Is session-compressor safe?

https://clawhub.ai/nicobailon/session-compressor

72
CAUTION

This skill is effectively empty — it failed to install and contains no SKILL.md or executable code. The only content is a lock.json referencing a different skill name ('academic-research-hub'). The primary concern is that the install process accessed sensitive files (.env, .aws/credentials, auth-profiles.json) as part of the OpenClaw platform's initialization, though no data was exfiltrated. The skill poses minimal active threat but the mismatched metadata and sensitive file access patterns warrant caution.

Category Scores

Prompt Injection 90/100 · 30%
Data Exfiltration 45/100 · 25%
Code Execution 85/100 · 20%
Clone Behavior 55/100 · 10%
Canary Integrity 100/100 · 10%
Behavioral Reasoning 60/100 · 5%

Findings (6)

MEDIUM Sensitive file access during install -40

The install process opened and read /home/oc-exec/.env, /home/oc-exec/.aws/credentials, and /home/oc-exec/.openclaw/agents/main/agent/auth-profiles.json. These files contain secrets and credentials. While this appears to be the OpenClaw platform's initialization behavior rather than skill-authored code, the skill triggered this code path.

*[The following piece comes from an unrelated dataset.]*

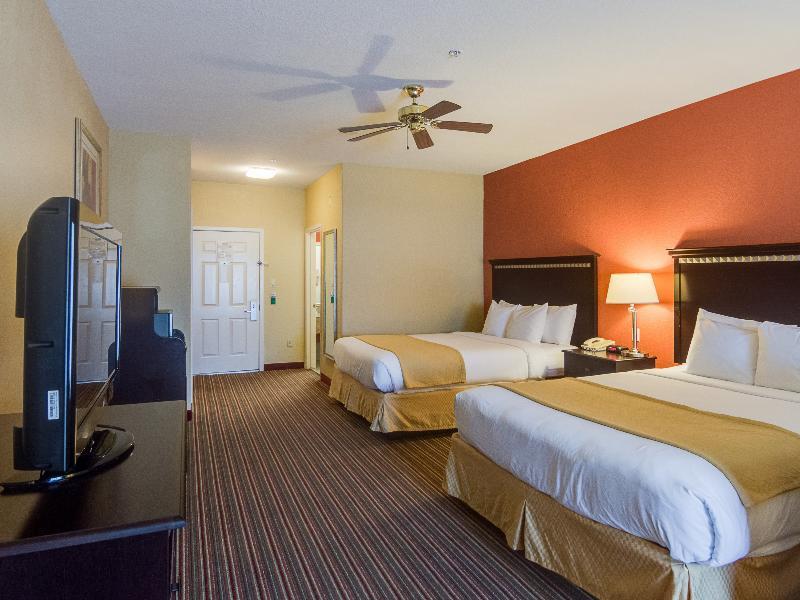 Quality Suites North Houston - Spring Westfield Exteriör bild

LOW Shell profile files accessed -15

Multiple reads of .profile and .bashrc were observed, which could expose environment variables, aliases, and PATH configurations.

MEDIUM Credential file reads despite install failure -30

The skill failed to install ('Skill not found'), yet the OpenClaw runtime still accessed .env and .aws/credentials during the failed attempt. This means even non-existent skills trigger sensitive file reads.

LOW Mismatched skill name in lock.json -15

The lock.json file references 'academic-research-hub' as the installed skill, not 'session-compressor'. This name mismatch is anomalous and could indicate a misconfigured, repurposed, or deceptive repository.

INFO No network egress detected 0

Despite sensitive file reads, no outbound network connections were observed. The VM firewall did not block any connections either, meaning no exfiltration was attempted.

INFO Empty SKILL.md — no prompt content 0

The skill contains no SKILL.md file, meaning it injects nothing into the agent's system prompt. There are zero prompt injection vectors from this skill.